In current versions of Perl, you can use the @- and @+ magic arrays to get the positions of the matches of the whole regex and any possible capture groups. The zeroth element of both arrays holds the indexes related to the whole substring, so $-[0] is the one you are interested in.

As a one-liner:

$ echo 'aöæaæaæa' | perl -CSDLA -ne 'BEGIN { $pattern = shift }; printf "%d\n", $-[0] while $_ =~ m/$pattern/g;'  æa
2
4
6

Or a full script:

#!/usr/bin/perl

use strict;
use warnings;
use utf8;
use Encode;
use open  ":encoding(utf8)";
undef $/;
my $pattern = decode_utf8(shift);
binmode STDIN, ":utf8";
while (<STDIN>) {
    printf "%d\n", $-[0] while $_ =~ m/$pattern/g;
}

e.g.

$ echo 'aöæaæaæa' | perl match.pl æa -
2
4
6

(The latter script only works for stdin.
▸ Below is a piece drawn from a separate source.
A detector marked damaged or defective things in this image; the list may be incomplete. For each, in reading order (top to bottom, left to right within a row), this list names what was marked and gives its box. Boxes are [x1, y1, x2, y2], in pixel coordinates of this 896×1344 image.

I seem to trouble forcing Perl to treat all files as UTF-8.)


With zsh:

set -o extendedglob # for (#m) which in patterns causes the matched portion to be
                    # made available in $MATCH and the offset (1-based) in $MBEGIN
                    # (and causes the expansion of the replacement in
                    # ${var//pattern/replacement} to be deferred to the
                    # time of replacement)

haystack=aöæaæaæa
needle=æ

offsets=() i=0
: ${haystack//(#m)$needle/$((offsets[++i] = MBEGIN - 1))}
print -l $offsets

With GNU awk or any other POSIX compliant awk implementation (not mawk), and correct locale set:

$ LANG='en_US.UTF-8' gawk -v pat='æa' -- '
{
    s = $0;
    pos = 0;
    while (match(s, pat)) {
        pos += RSTART-1;
        print "file", FILENAME ": line", FNR, "position", pos, "matched", substr(s, RSTART, RLENGTH);
        pos += RLENGTH;
        s = substr(s, RSTART+RLENGTH);
    }
}
' <<<'aöæaæaæa'
file -: line 1 position 2 matched æa
file -: line 1 position 4 matched æa
file -: line 1 position 6 matched æa
$

The pattern indicated in the -v pat argument to gawk can be any valid regular expression.